### TASK TO CARRY OUT
Output all records exactly, with no images.

### SUPPLIED DATA
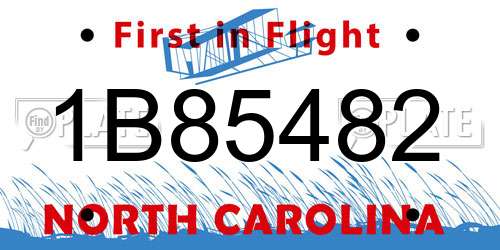 1B85482 North Carolina License Plate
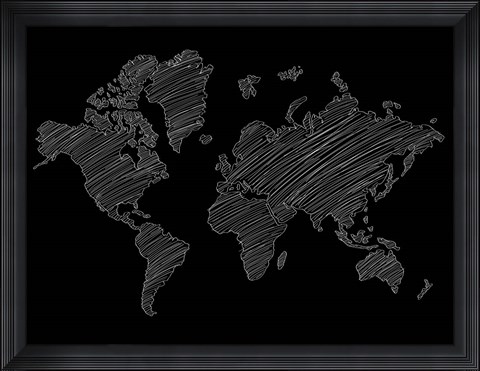 Framed World Map Scribble 2 Print
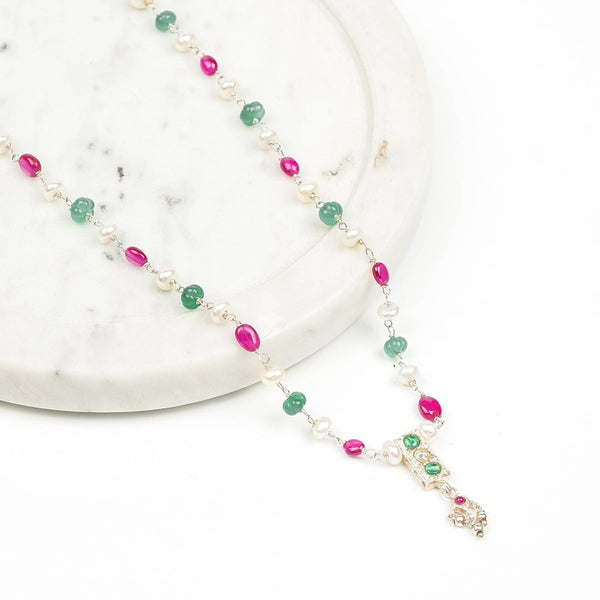Rubies, Green Onyx & Freshwater Pearl Ganthan Necklace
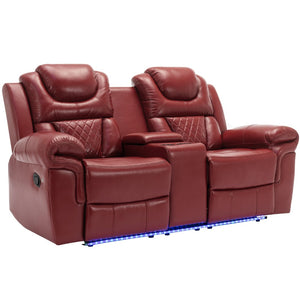 English Elm Home Theater Manual Reclining Loveseat Faux Leather with Led Lighting and Storage Console Wine Red WF310726AAJ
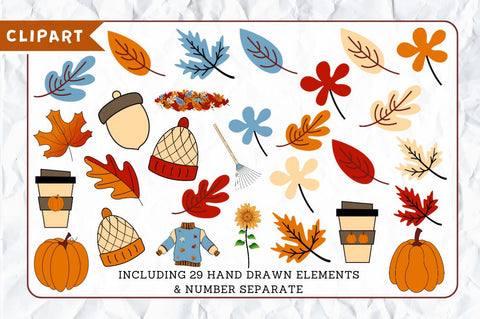 Fall Doodle Alphabet Bundle with Hand Drawn Clipart Digital Pattern Regulrcrative 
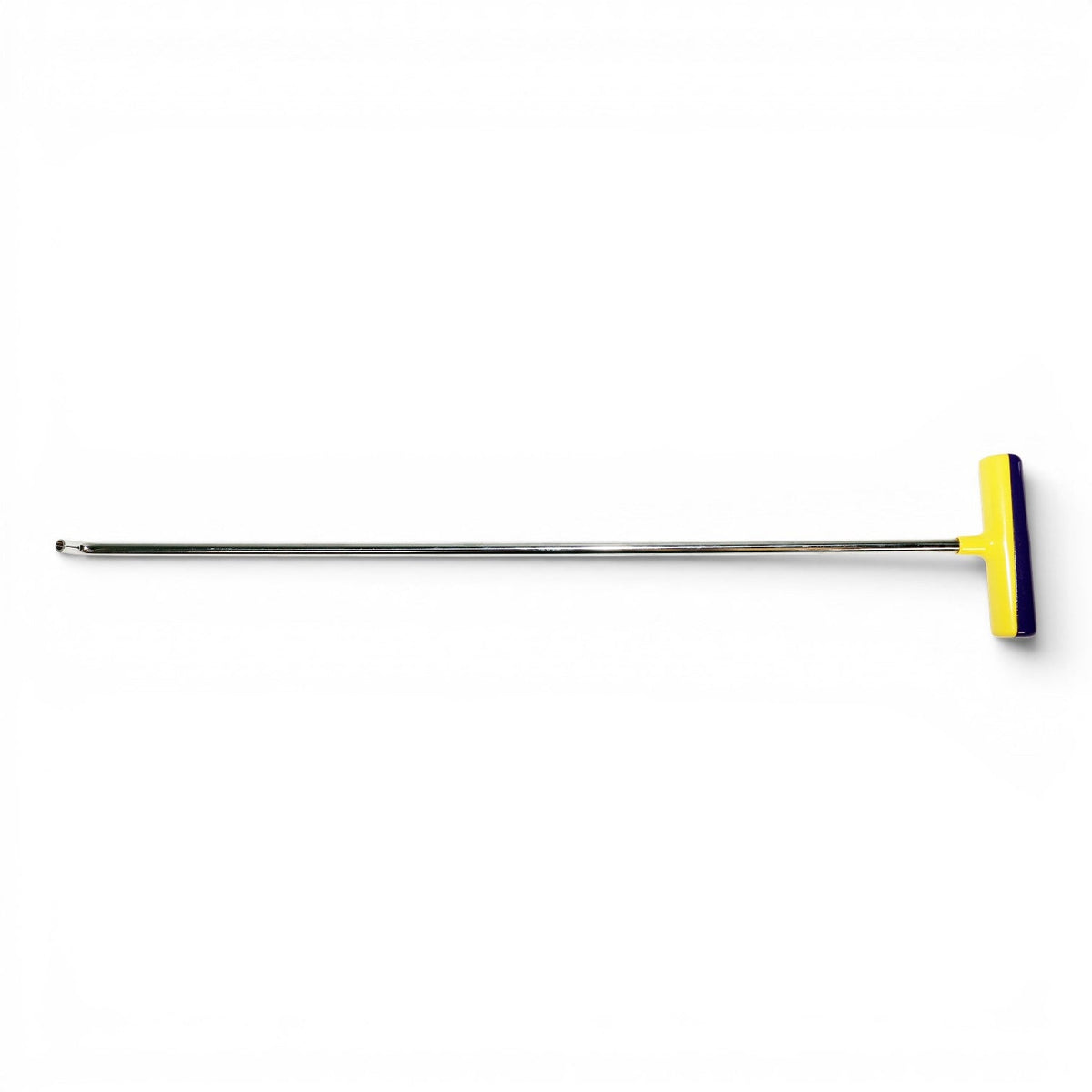 Anson PDR Tequila single bend stainless steel PDR rod with interchangeable tip and yellow/blue fixed handle.
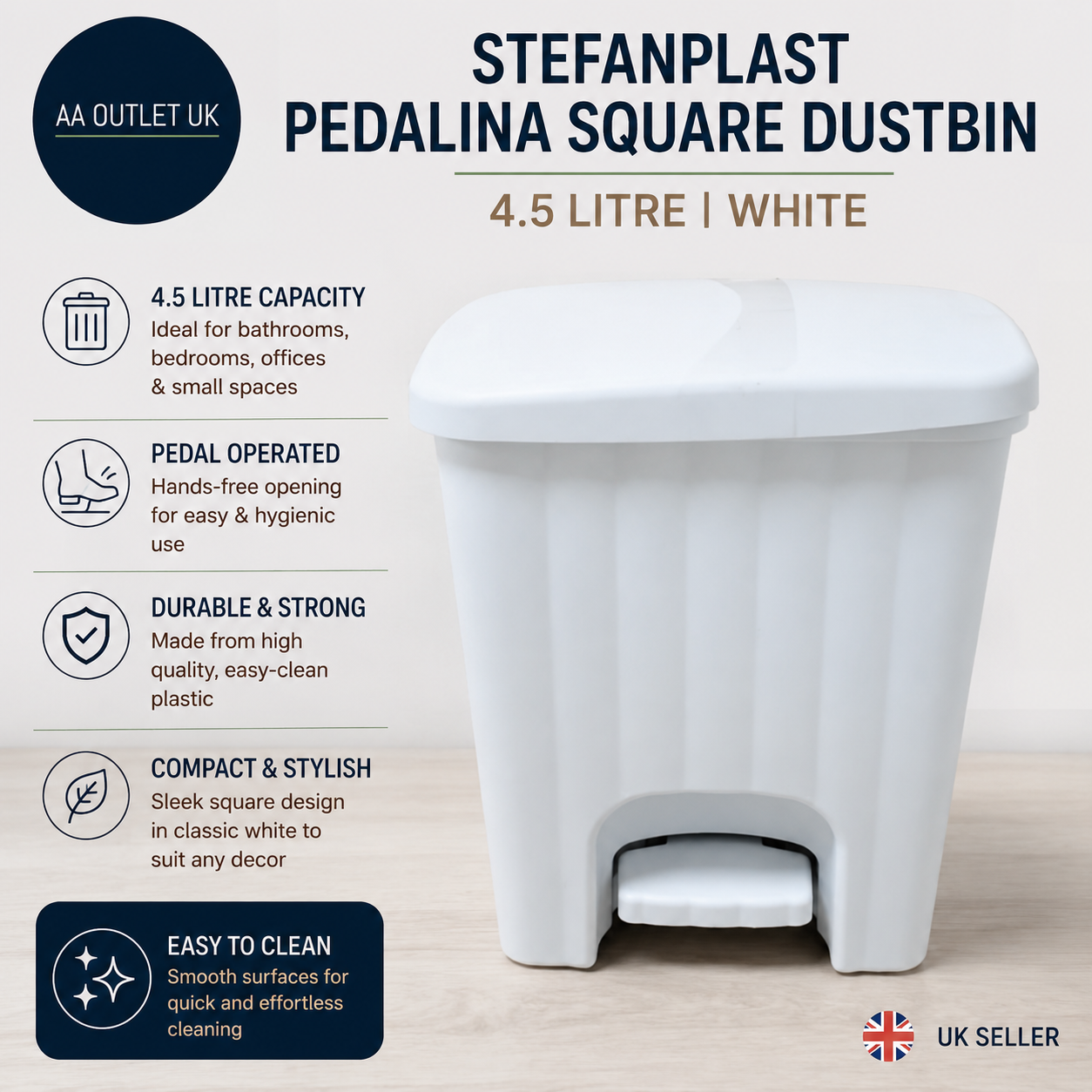 Stefanplast Pedalina Square Dustbin Durable Strong Pedal Open White 4.5L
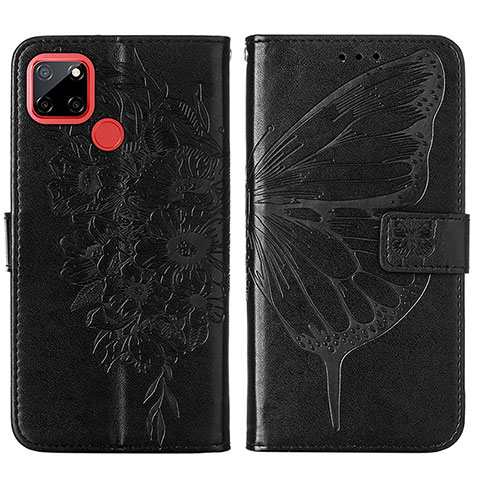 Custodia Portafoglio In Pelle Farfalla Cover con Supporto Y01B per Realme C12 Nero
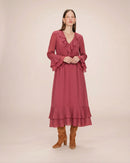 Vestido aéreo largo con volantes en rubor Samira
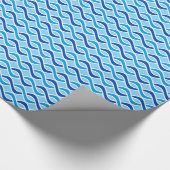 ミッドセンチュリーモダンリボン、コバルト&スカイブルー ラッピングペーパー (角)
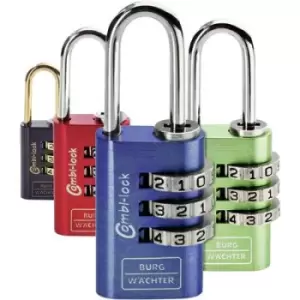 Image of Sterling Burg Wachter 8820 Fun 20mm Blue Aluminium 3 Dial Combination Lock 2 Pack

### EXERCISE ANSWER
 1B85482 North Carolina License Plate
 Framed World Map Scribble 2 Print
Rubies, Green Onyx & Freshwater Pearl Ganthan Necklace
 English Elm Home Theater Manual Reclining Loveseat Faux Leather with Led Lighting and Storage Console Wine Red WF310726AAJ
 Fall Doodle Alphabet Bundle with Hand Drawn Clipart Digital Pattern Regulrcrative 
 Anson PDR Tequila single bend stainless steel PDR rod with interchangeable tip and yellow/blue fixed handle.
 Stefanplast Pedalina Square Dustbin Durable Strong Pedal Open White 4.5L
 Custodia Portafoglio In Pelle Farfalla Cover con Supporto Y01B per Realme C12 Nero
 Vestido aéreo largo con volantes en rubor Samira
 ミッドセンチュリーモダンリボン、コバルト&スカイブルー ラッピングペーパー (角)
 Image of Sterling Burg Wachter 8820 Fun 20mm Blue Aluminium 3 Dial Combination Lock 2 Pack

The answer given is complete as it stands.